We owe Uma Thurman, who believes in the power of intuition, our thanks for inadvertently turning us on to the most elegant rosé we have ever tasted.
A year ago, our author friend Laura Day ("The Circle," "Welcome to Your Crisis") shared a couple of bottles with us from a case of Domaines Ott rosé that Thurman had given to her. We found ourselves smitten with its refined flavor and texture, which echoed the delicate silkiness of the scallops we enjoyed with it. The 2005 Domaines Ott Chateau de Selle Cotes de Provence rosé ($33), whose bottle resembles a gigantic perfume flask, is reminiscent of strawberries and cream.
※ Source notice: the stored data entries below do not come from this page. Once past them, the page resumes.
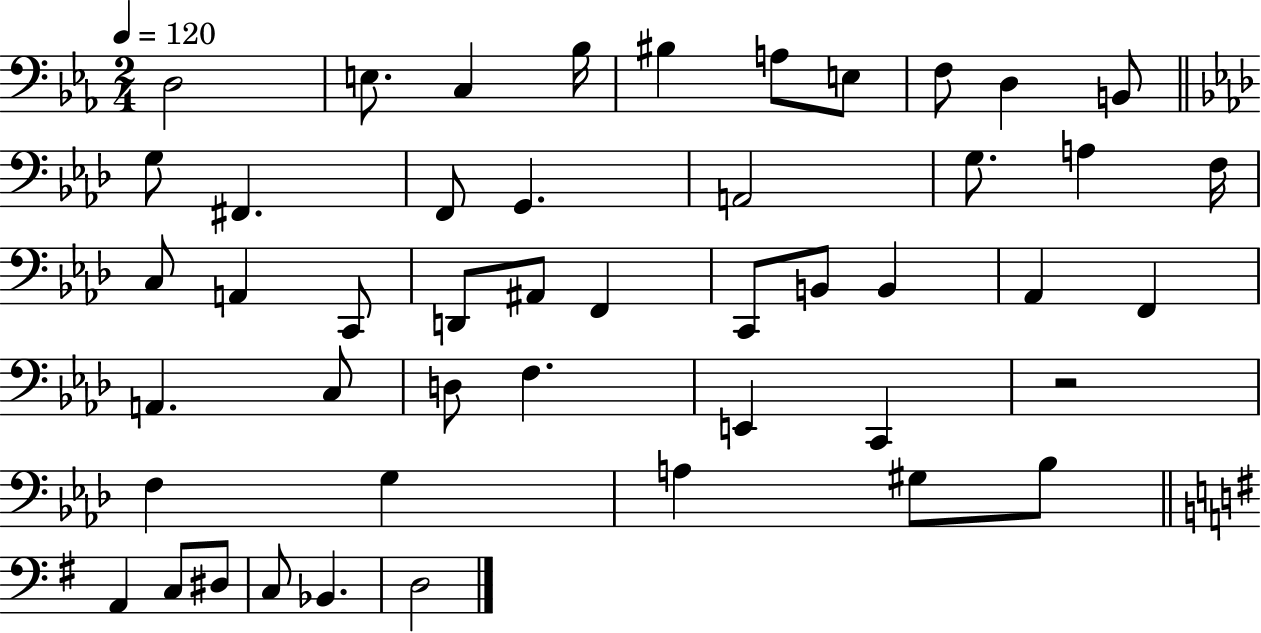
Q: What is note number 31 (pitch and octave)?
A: C3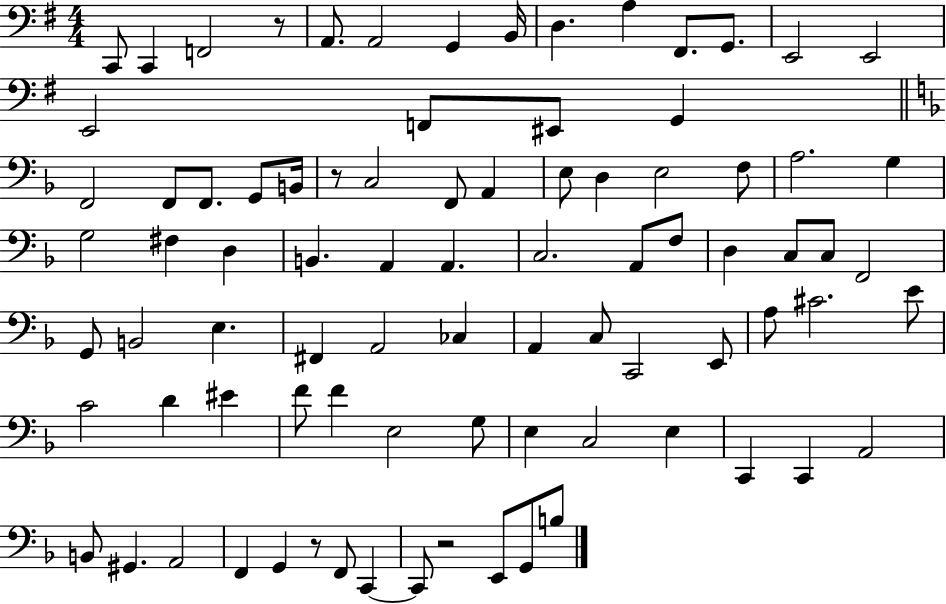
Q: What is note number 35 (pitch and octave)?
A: B2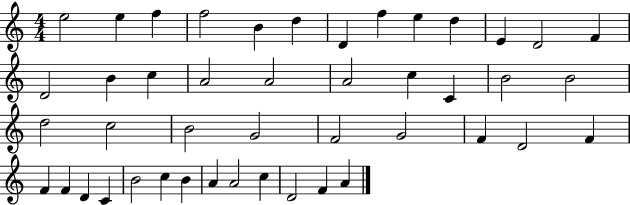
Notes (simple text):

E5/h E5/q F5/q F5/h B4/q D5/q D4/q F5/q E5/q D5/q E4/q D4/h F4/q D4/h B4/q C5/q A4/h A4/h A4/h C5/q C4/q B4/h B4/h D5/h C5/h B4/h G4/h F4/h G4/h F4/q D4/h F4/q F4/q F4/q D4/q C4/q B4/h C5/q B4/q A4/q A4/h C5/q D4/h F4/q A4/q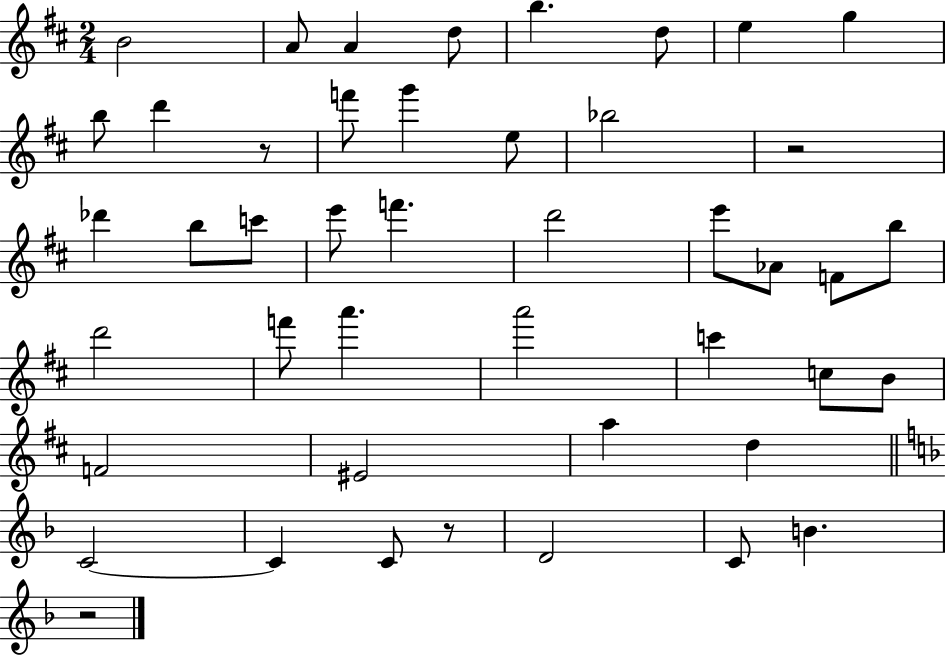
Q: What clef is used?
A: treble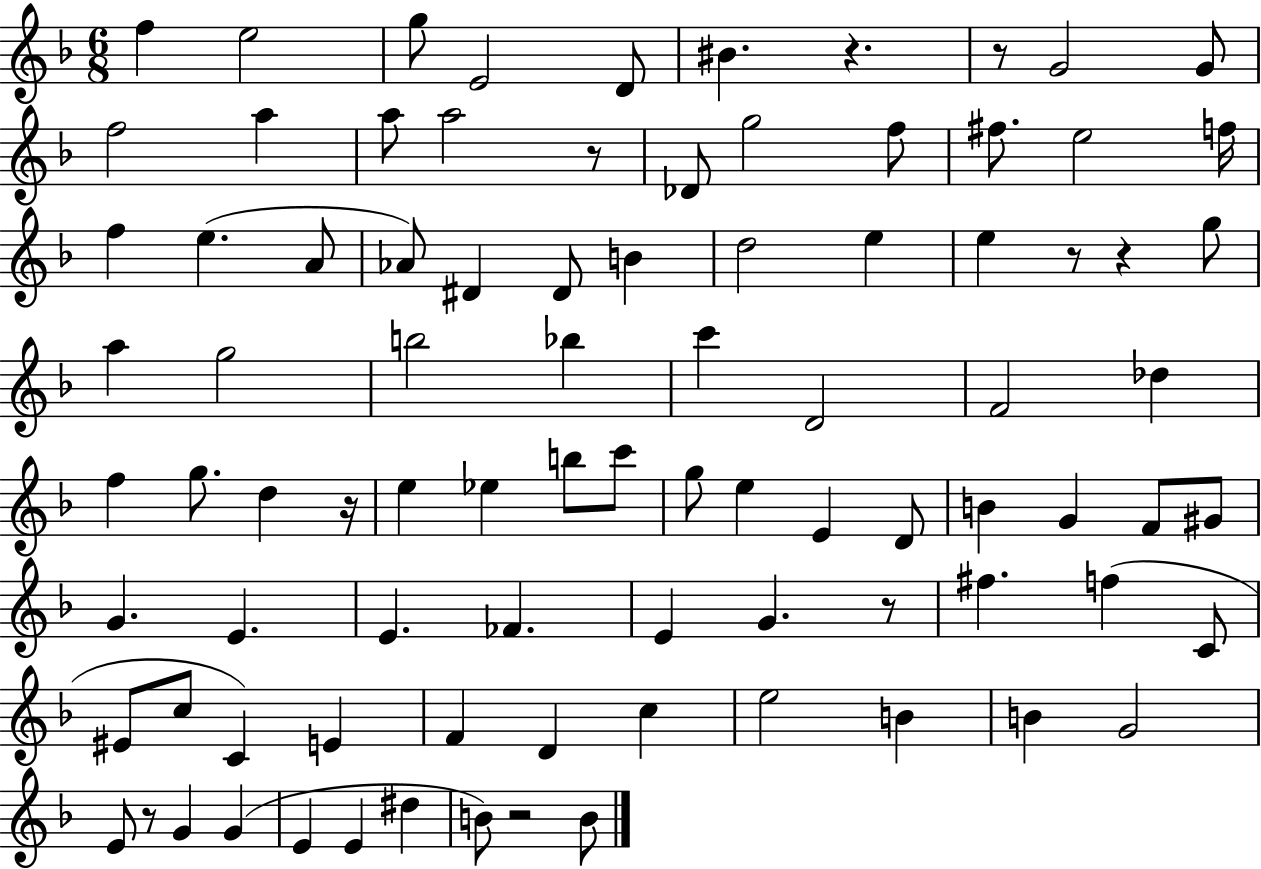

While there are better deals to be found in the world of rosés — including Domaines Ott's own second-label 2005 Les Domaniers rosé ($17), the alluringly complex 2006 Belle Glos Pinot Noir Blanc Oeil de Perdrix ($25) and the incredibly food-friendly 2005 E. Guigal Cotes du Rhone Rosé ($11), which impressed us during a recent tasting — we're still very fond of the Domaines Ott Chateau de Selle rosé and its ability to win over every rosé skeptic we've set it before.
Day gets our thanks for writing the book that has inadvertently done more to expand our appreciation and enjoyment of wine than any other: "Practical Intuition" (Broadway, 1997). In his back-cover blurb, Nobel laureate and DNA co-discoverer James Watson describes intuition as "facts hidden in the brain."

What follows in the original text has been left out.